Anyone interested in data visualization with Tableau should take note of a new book being published this month: Practical Tableau — 100 Tips, Tutorials, and Strategies from a Tableau Zen, by Ryan Sleeper (published by O’Reilly). The book is a comprehensive and useful overview that can be used by complete beginners as well as by people with more advanced skills. Structured as a collection of 100 short “tip” chapters, it has multiple step-by-step tutorials to build a broad variety of chart types and introductions to working with filters, parameters, calculated fields, and other advanced options in Tableau. It also outlines principles of storytelling with data, using color, dashboards, etc. Overall, it’s an eminently practical guide that I can easily recommend (another great Tableau guide is this book by Ben Jones).
During our 5W Academy workshops (next in Washington D.C. and San Francisco), we do a few hands-on exercises with Tableau.

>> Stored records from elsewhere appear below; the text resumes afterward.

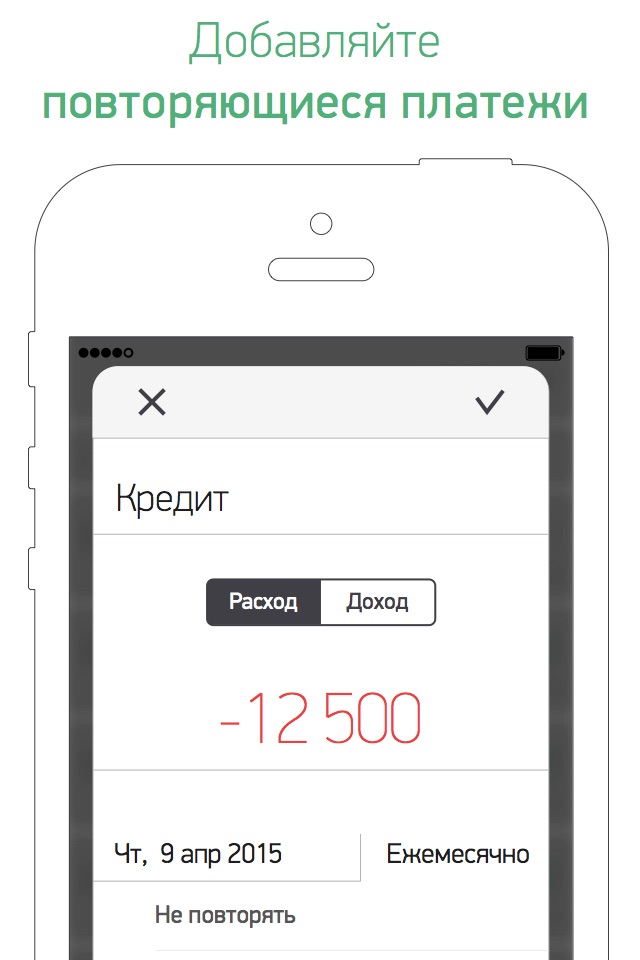 Платежи - планирование бюджета, расходы, доходы, повторяющиеся платежи, кредиты screenshot 2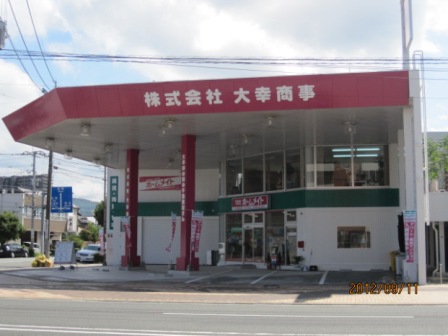 店舗情報1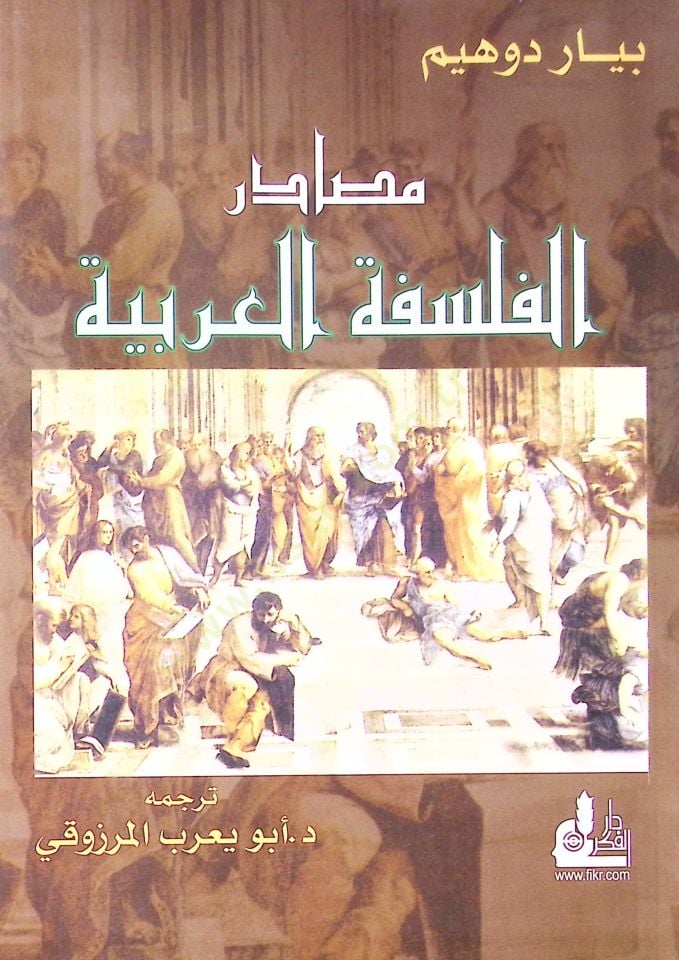 Mesadirül-Feflsefetil-Arabiyye Kısmu min Kitabi (Nizamül-Alem) - مصادر الفلسفة العربية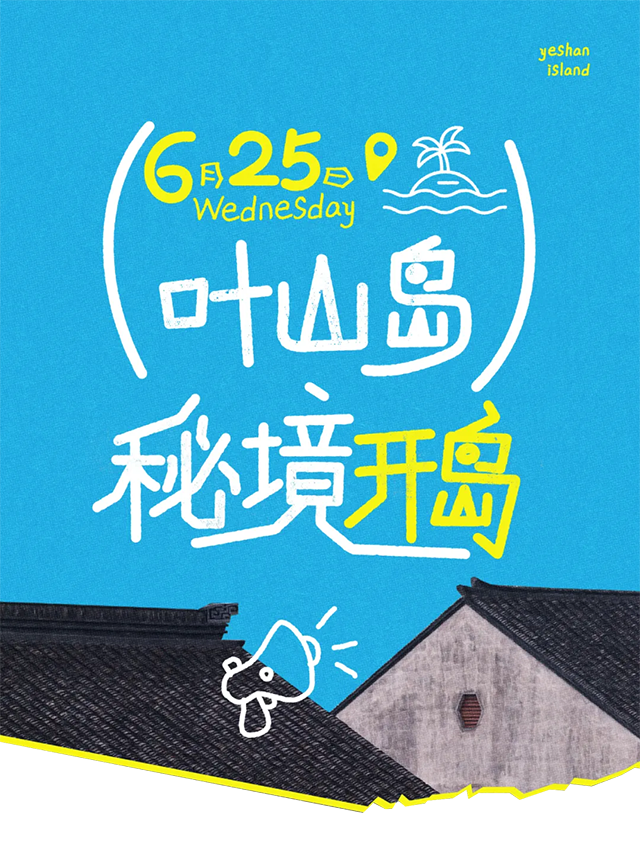 人生就是博-尊龙凯时中国官网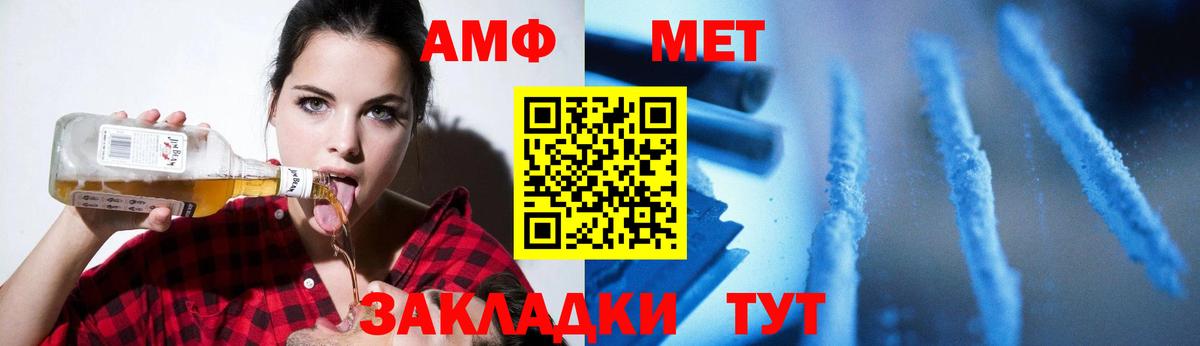 Первитин Декстрометамфетамин 99.9% Усолье-Сибирское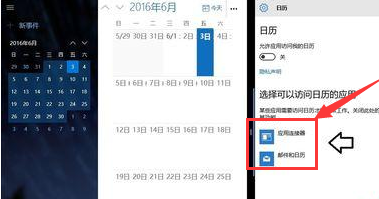 Win10右下角日历打不开怎么办？Win10任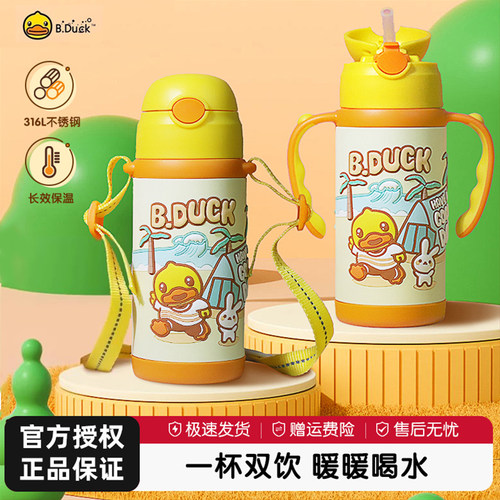 【超萌趣正版IP】小黄鸭保温杯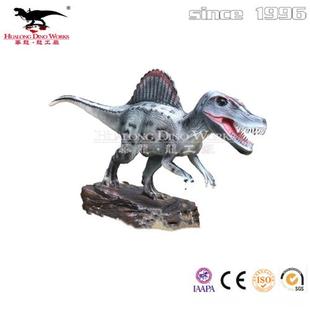 玻璃钢仿真棘龙模型模具摆件小恐龙模型玩具来样来图定制设计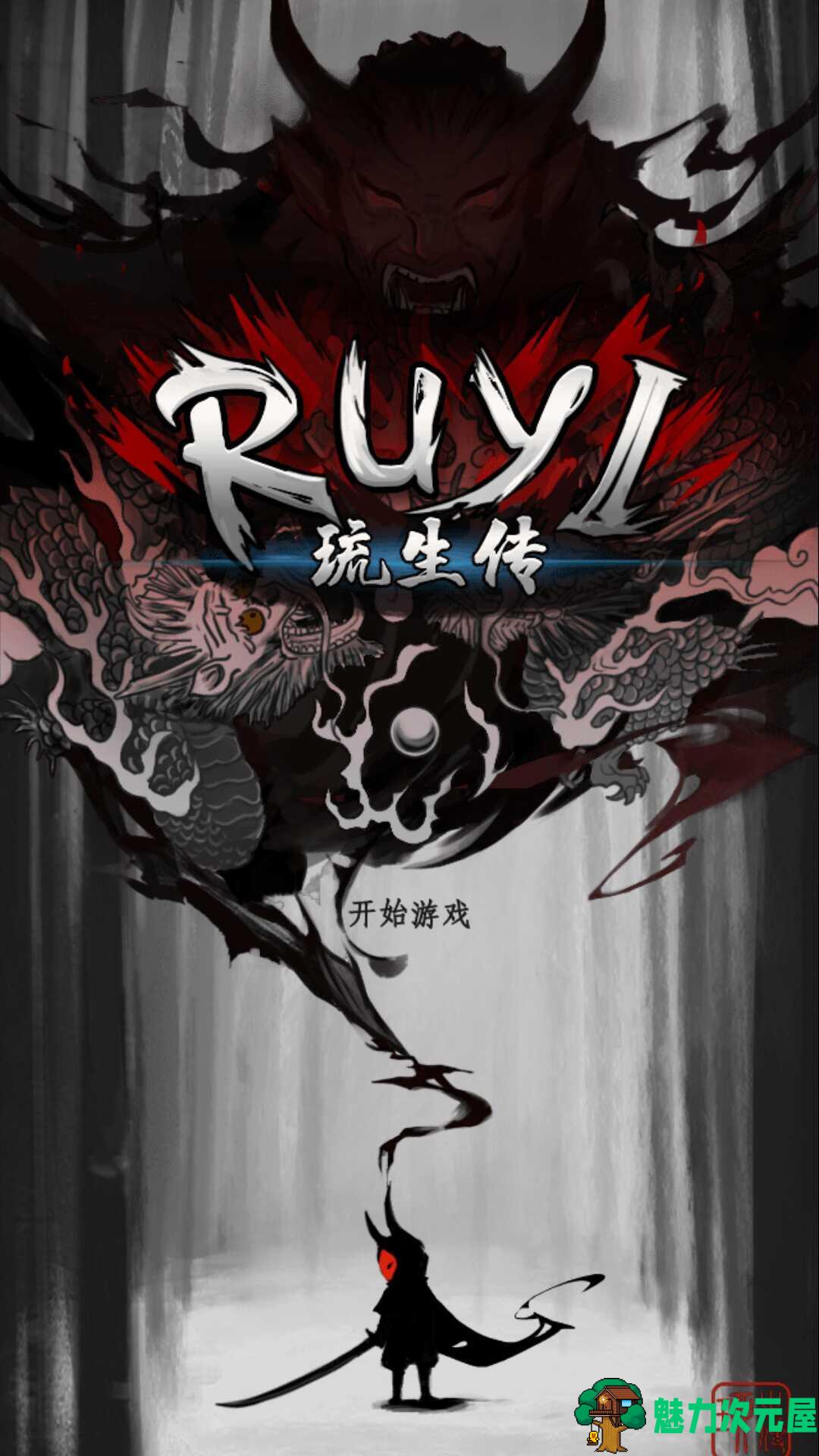 【安卓/单机/中文】琉生传 Ver1.1中文无限魂玉版 2D横版角色扮演类单机手游&安卓游戏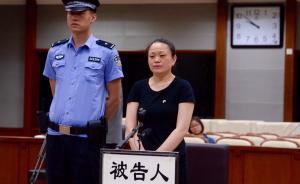 借钱被拒北京“啃老女”强喂水银弑母，庭审描述细节不以为然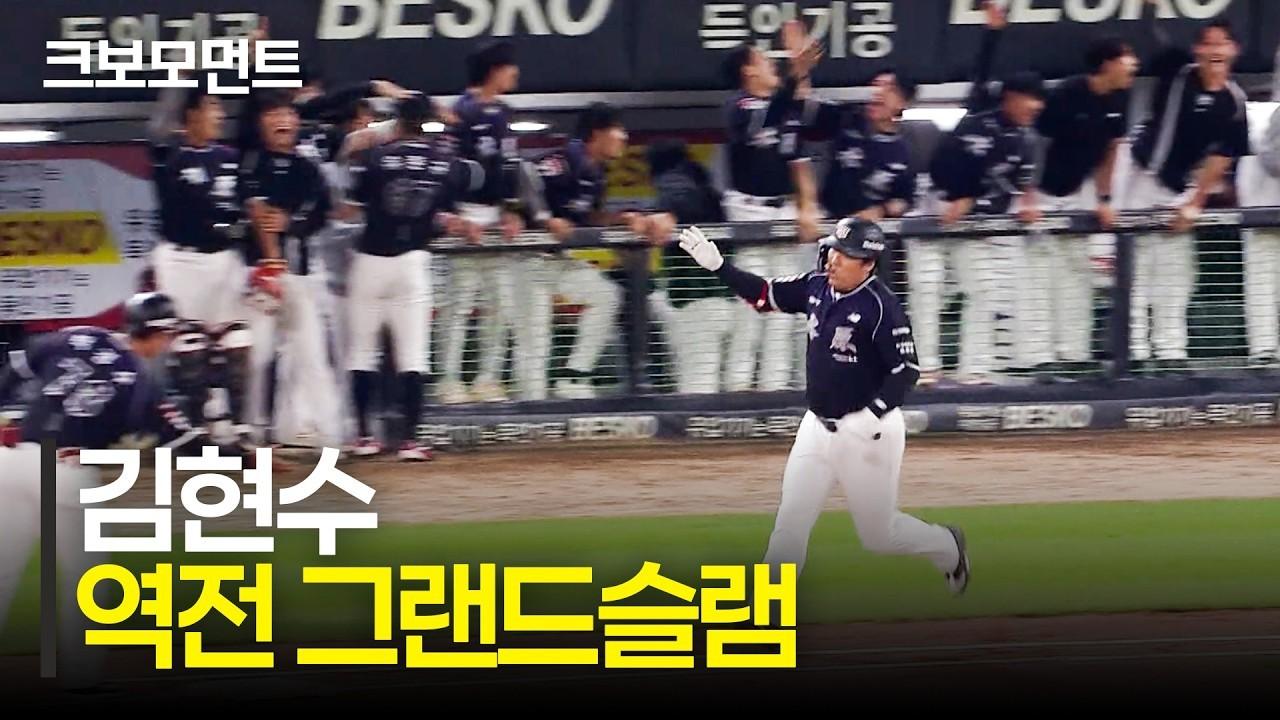 KBO 2026 : KT 김현수, 경기를 뒤집는 그랜드슬램, 2사 후 터진 대형 홈런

It’s a powerful and intuitive drag and drop tool to build data visualizations.
Tableau has some shortcomings: a couple of examples are the less than optimal handling of responsiveness for different screen sizes, or the lack of map projections (although Tableau now works with spatial files such as shapefiles, GeoJSON, KML, etc.). And it’s a closed system. For simple charts/maps and limited datasets many users maybe be better served by using Datawrapper, Flourish or other recent and excellent open-source dataviz tools for non-developers, but Tableau’s robust and comprehensive data analysis capabilities still make it a preferred tool in many organizations. As an example, the United Nations just announced it’s adopting Tableau as their visual analytics standard across its multiples agencies.
Practical Tableau is due to be released this month as a paperback, and the Kindle version is already available.